» **What you should do**: Output the data in full. Keep every word exact and exclude the pictures.

» **Available data**:
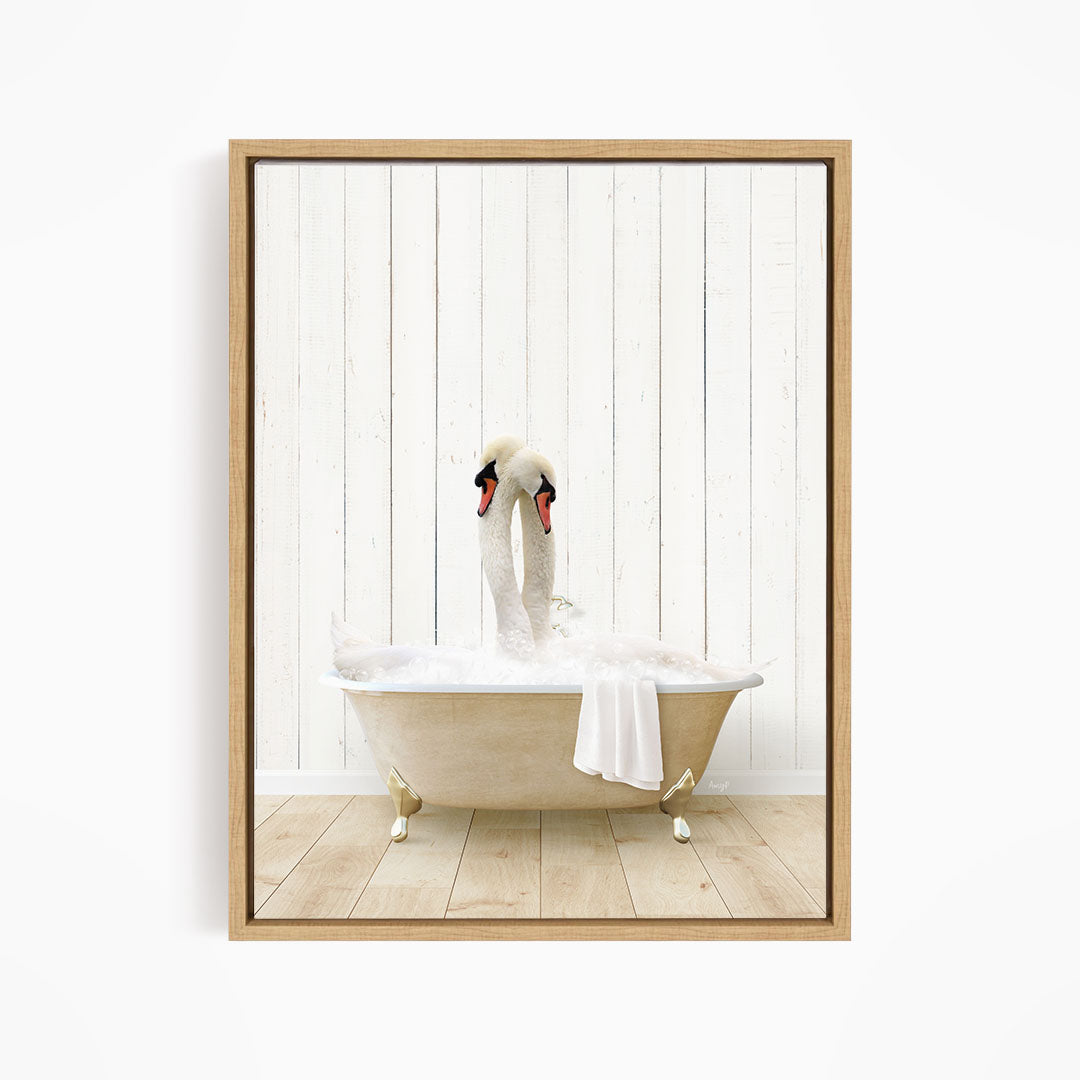 Swans in Farmhouse Bath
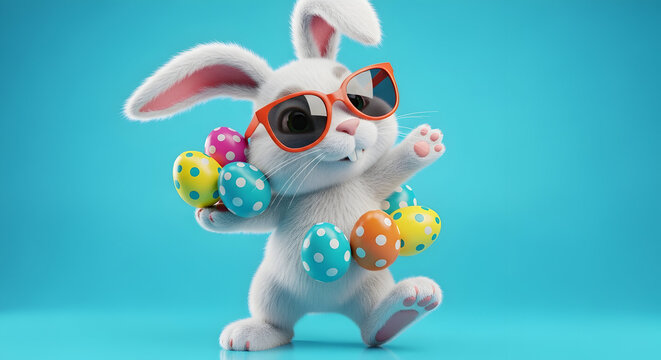 Playful bunny juggling vibrant colorful Easter eggs in sky background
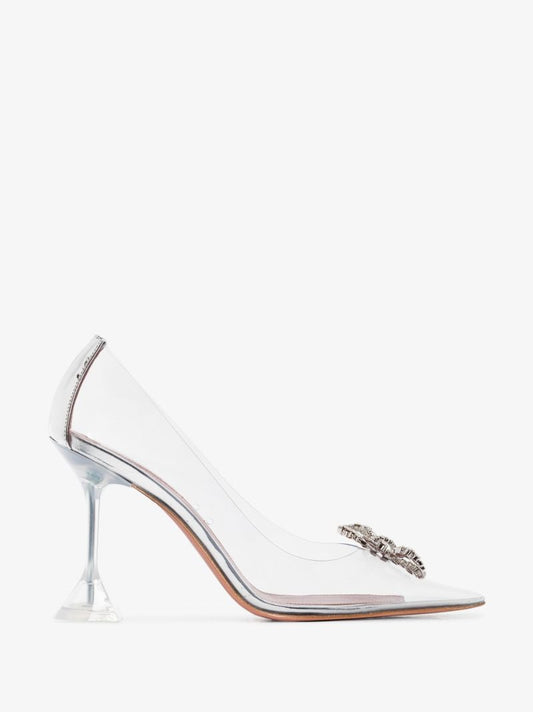 Silver Rosie 95 Crystal Pumps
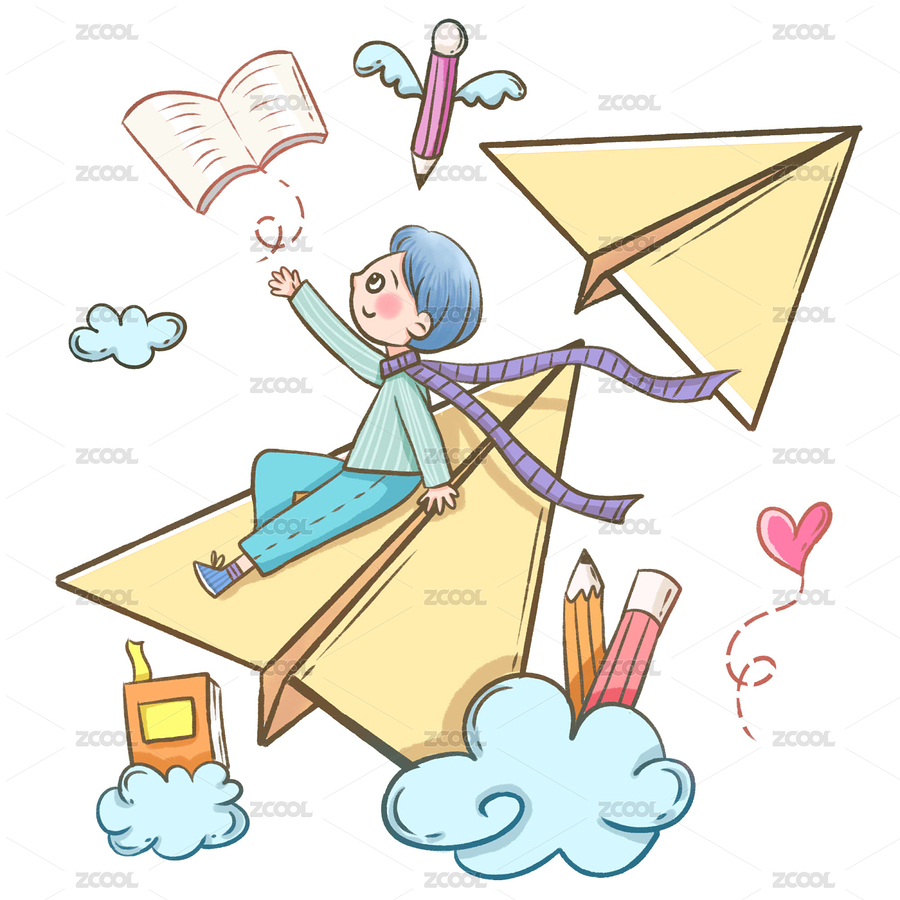 可愛男孩開心坐紙飛機插畫（主預覽-948512） - 未分類 - 站酷設計師Y_FF原創(chuàng)素材 - 站酷ZCOOL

» **Response below**:
 Swans in Farmhouse Bath
 Playful bunny juggling vibrant colorful Easter eggs in sky background
 Silver Rosie 95 Crystal Pumps
 可愛男孩開心坐紙飛機插畫（主預覽-948512） - 未分類 - 站酷設計師Y_FF原創(chuàng)素材 - 站酷ZCOOL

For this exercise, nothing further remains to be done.